Dans sa version marocaine, «Ma routine quotidienne» nous donne à voir des jeunes femmes en train de faire la vaisselle, le lit, le ménage, la cuisine, passer l’aspirateur, préparer la lessive… Les jeunes femmes partagent leur routine, leur ennui, parfois une recette de cuisine…

Mais tous ces gestes ne sont que prétexte pour mettre en avant les formes généreuses de ces dames. La caméra cadre («traque» serait plus juste) leurs postérieurs, généralement gros et serrés dans des vêtements on ne peut plus «routiniers» (jogging, pyjama). 

La routine devient un défilement de postérieurs.
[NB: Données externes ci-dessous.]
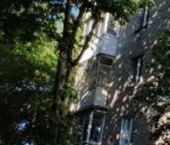 Продать Квартиры вторичка Одинцово, Баковская улица, 2   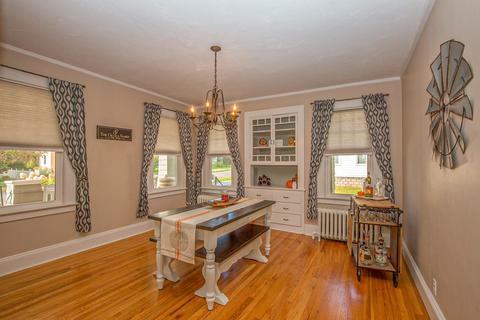 22 Olin St, Windsor, CT 06095 photo 15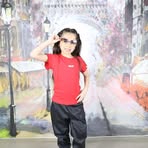 Lili Robles - Facebook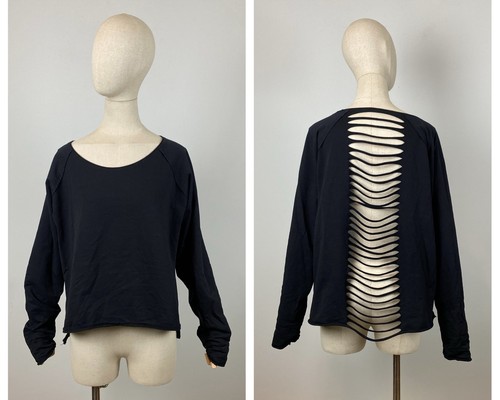 Barbara speer black designer - speer,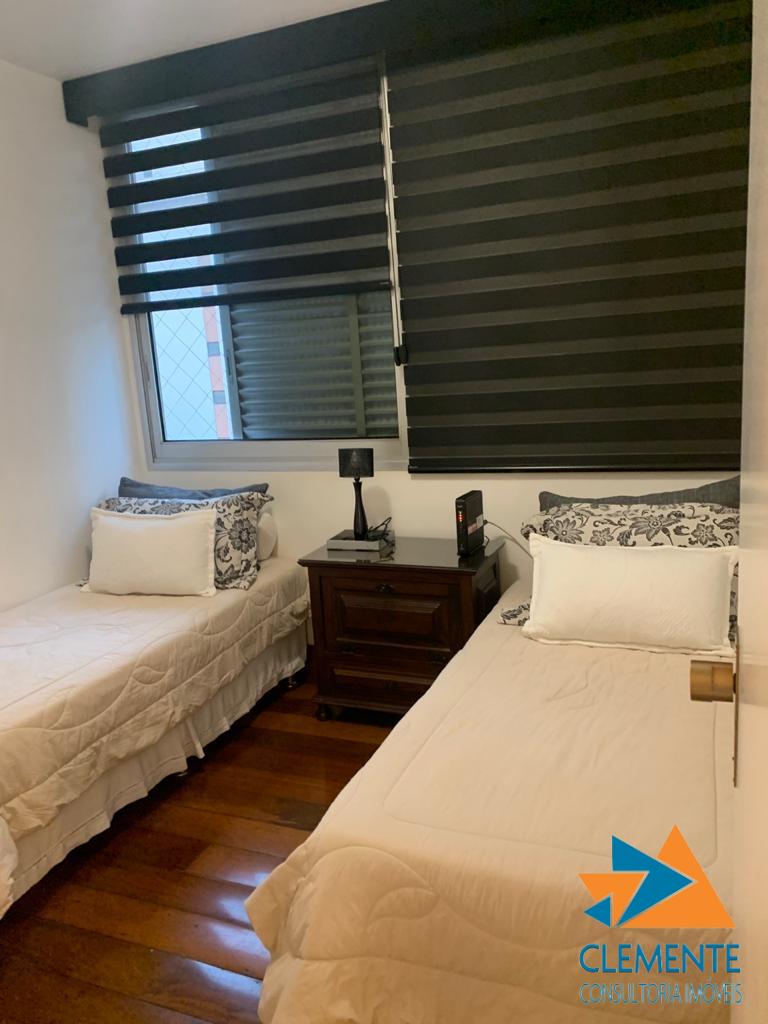 Apartamento, 4 quartos, 142 m² - Foto 12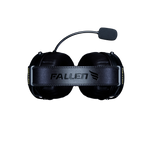 Gamer Headset Fallen Bat V2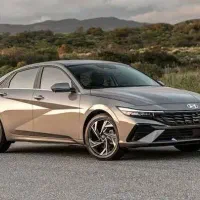 حواله هر خودرویی تماس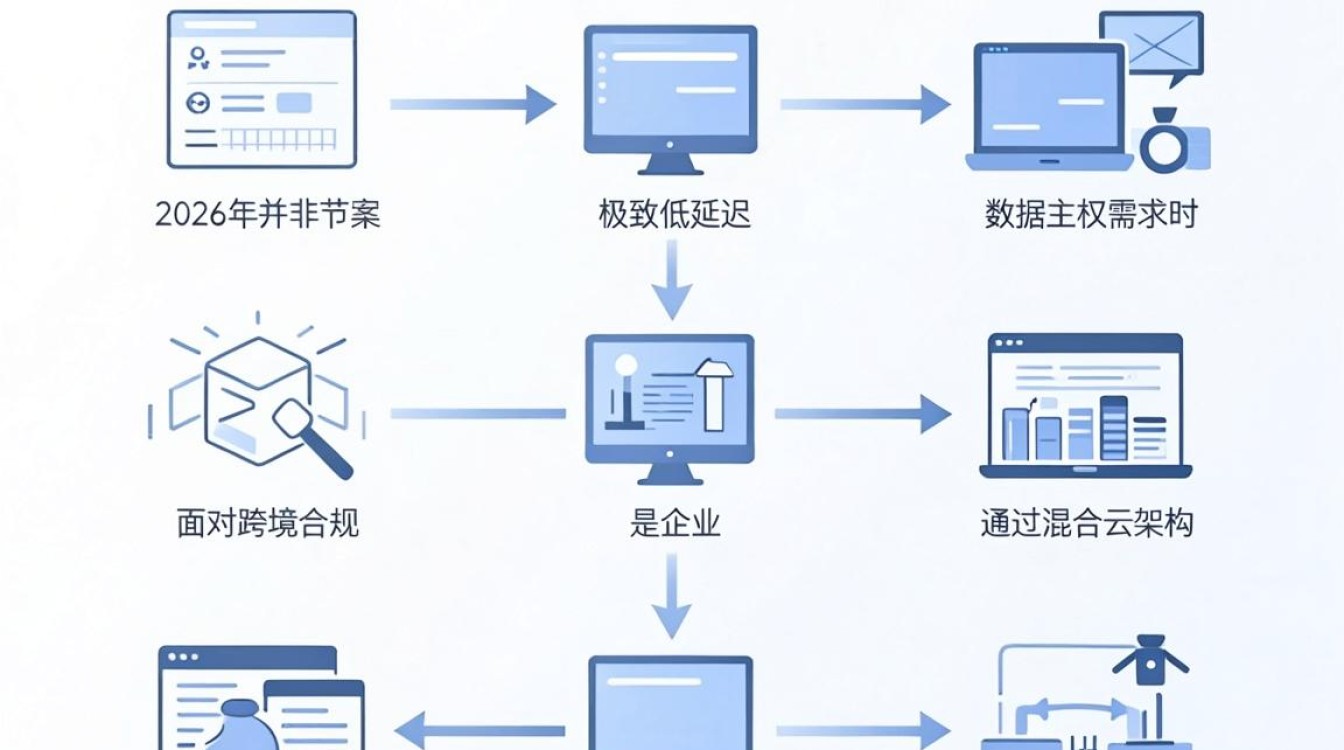 自建cdn节点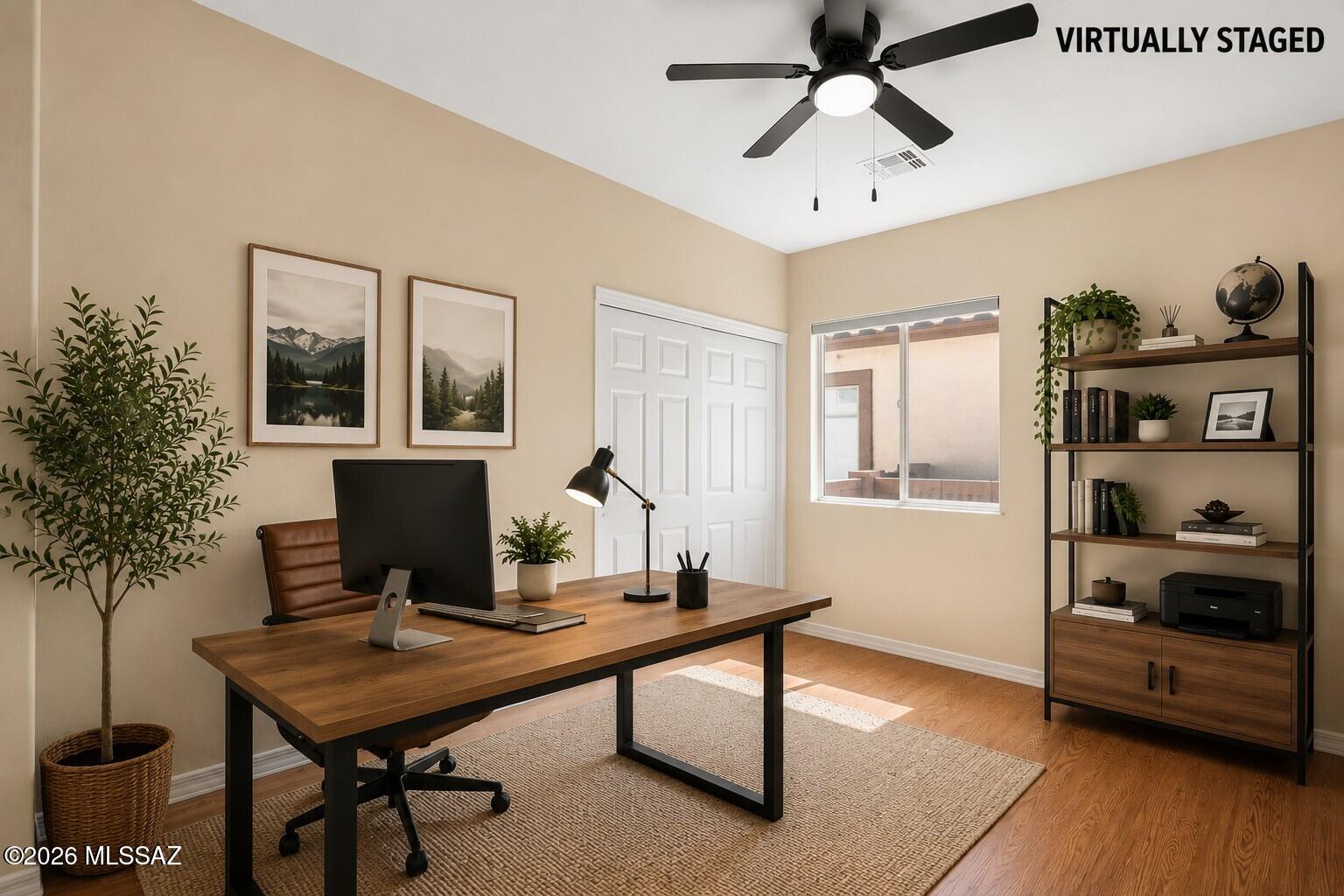 Sonora At Rancho Sahuarita Phase 2 (244-377) - Residential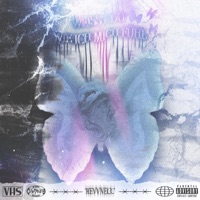 WEISST DU WIE ICH MICH FÜHL - Single - Revvnecc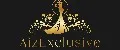 Aiz Exclusive Collection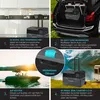 KESSER® Kompressor Kühlbox elektrisch Gefrierbox, Mit Produktbild-Vorschau 10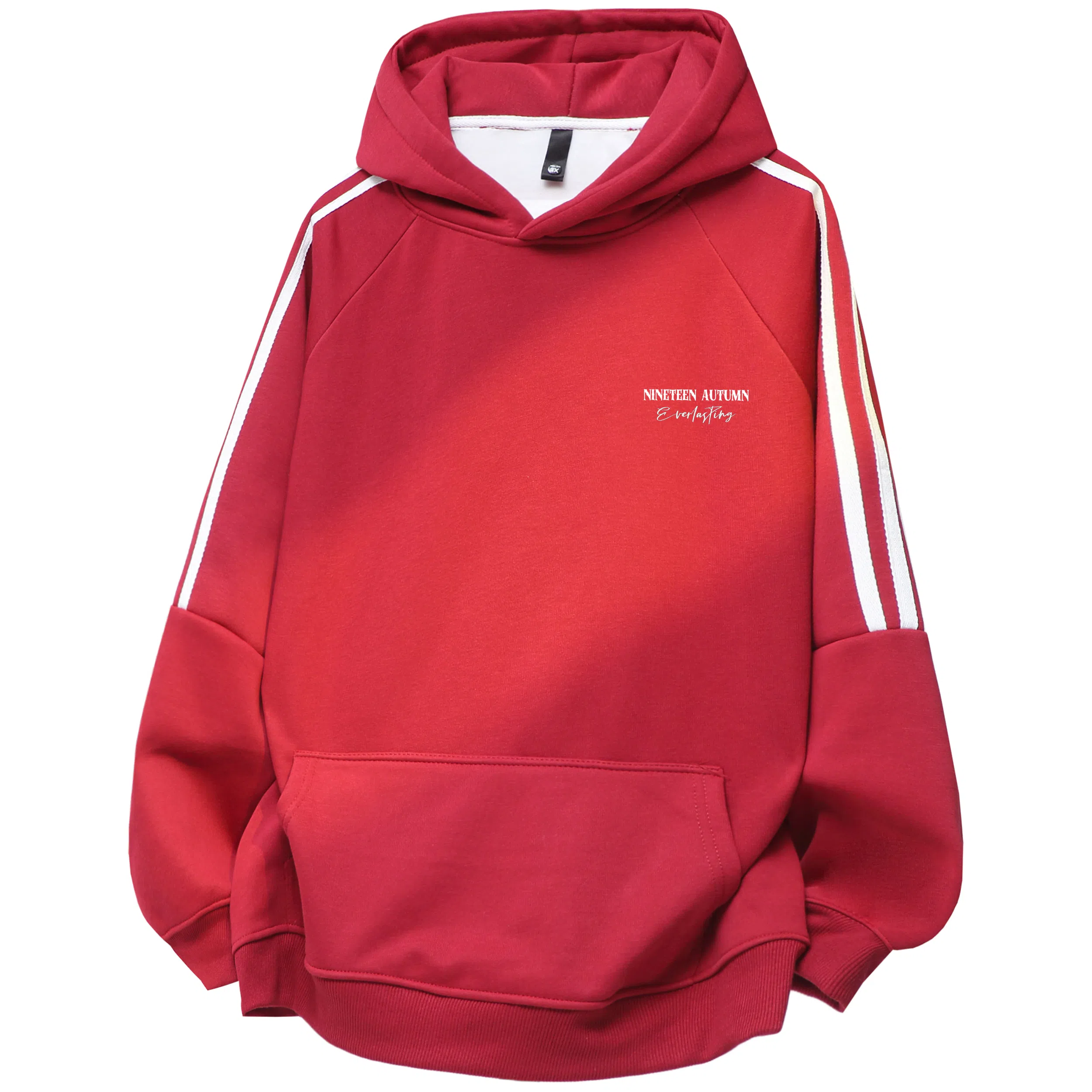 NINETEEN AUTUMN logoins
Certains «films» sont quasi muets, sans dialogues et sans visage. Juste un postérieur plein cadre, qui se trémousse pour chercher un verre, ramasser un chiffon par terre, etc.

Le succès est bien sûr au rendez-vous. Un succès fou, comme chanterait Christophe. Au point que «Ma routine quotidienne » se décline aujourd’hui en «routine du matin» et du «soir».

A la fin de la performance, qui peut durer quelques minutes, la «star» vous demande, dans une forme d’humour étonnant: «Alors, vous la trouvez comment…ma recette de cuisine?». Surtout n’oubliez pas de cliquer, de «liker», partager, commenter…

C’est drôle, peut-être involontairement, c’est surtout fascinant. J’ai assisté à ce dialogue entre deux hommes. Le premier: «Tu ne trouves pas que tout cela ressemble à du porno déguisé?». Le deuxième: «Non, on ne voit pas de bout de chair, ce n’est pas mixte, et les femmes qui montrent leurs postérieurs gagnent leur vie sans enfreindre la loi».

Au-delà du regard moral que l’on peut avoir ou pas sur ce genre de «contenu», au-delà de l’analyse que l’on peut avoir du succès fou de cette forme d’exhibitionnisme et d’érotisme halal, il est intéressant de relever le degré absolument extraordinaire d’hypocrisie qui enveloppe toute l’entreprise. Et qui ressemble finalement aux codes schizophrènes de notre société.

Nous sommes, plein pot, dans le royaume du «fais-le sans le dire». Les créateurs du concept jouent avec la schizophrénie de la société marocaine.

Vous voulez du sexe, du phantasme et de l’érotisme bon marché? Nous allons vous le servir dans une enveloppe de conseils pratiques, quotidiens, innocents. Profitez-en, bonnes gens, mais ne le dites à personne! 

C’est cela la morale ou la recette du dernier phénomène de société à la marocaine. On peut difficilement faire plus hypocrite. Sociologiquement, c’est fascinant.